I’ve just skimmed through a recent paper by Convery (2009) titled “The pedagogy of the impressed: how teachers become victims of technology vision”. This paper resonates quite strongly with a growing sense of concern I have about simplistic, ill-informed practices around e-learning. In particular, there are (for me at least) direct connections with some of my recent posts about how a new LMS will improve L&T, the paradigms of e-learning, the fad cycle in higher education and its application to technology-mediated learning, the technologists alliance (more on this soon) and the idea of technological gravity and technology I, II and III.

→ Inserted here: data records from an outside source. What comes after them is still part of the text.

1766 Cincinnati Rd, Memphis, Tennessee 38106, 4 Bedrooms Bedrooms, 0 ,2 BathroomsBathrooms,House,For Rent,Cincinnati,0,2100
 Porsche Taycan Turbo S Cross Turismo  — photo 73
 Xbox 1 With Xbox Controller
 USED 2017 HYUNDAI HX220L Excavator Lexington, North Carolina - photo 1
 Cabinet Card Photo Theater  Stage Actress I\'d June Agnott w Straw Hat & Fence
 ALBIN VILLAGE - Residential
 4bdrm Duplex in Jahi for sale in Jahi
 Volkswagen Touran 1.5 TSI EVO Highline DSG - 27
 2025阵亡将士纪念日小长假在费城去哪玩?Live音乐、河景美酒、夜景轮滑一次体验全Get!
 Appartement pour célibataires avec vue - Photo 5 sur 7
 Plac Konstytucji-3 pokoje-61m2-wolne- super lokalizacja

The final paragraph of Convery (2009) includes the following
Perhaps the most important single step we could take in researching technology so that it enables rather than oppresses teachers’ practices and professional identities is to avoid engaging with – and thus endorsing – the simplistic rhetoric of makeover politics, and such discourse is frequently apparent in explanations about how ICT can ‘transform’ education. Casual use of the term ‘transformation’ ensures any discussion becomes irrationally polarised, as it incites a totalising vision of an ICT-enriched world, offering technology as the simple and immediate remedy for current inadequate practice. It is the duty of researchers to be sceptical, and informed scepticism is the basis for recognising how technology can make a significant contribution to a learning experience Thus, one must resist subscribing to the easy refrain that ICT can ‘transform’ education as this simply creates a dualistic framework, in which writers simplistically link manifest problems with hypothesised solutions, and invite readers to see ICT as providing ‘the answer’. There are many practical methodological steps to be taken in ensuring the quality of educational ICT research, and rejecting seductive but disabling rhetoric is fundamental to ensuring improved research findings are considered in their human context and educational complexity.
I am seeing an increasing rise of a “technologists alliance” that is adopting Technology I or II views and claiming that X will radically improve learning and teaching. It’s almost becoming a paradigm in places, it is excluding alternate perspectives.
Convery, A. (2009). “The pedagogy of the impressed: how teachers become victims of technology vision.” Teachers and Teaching 15(1): 25-41.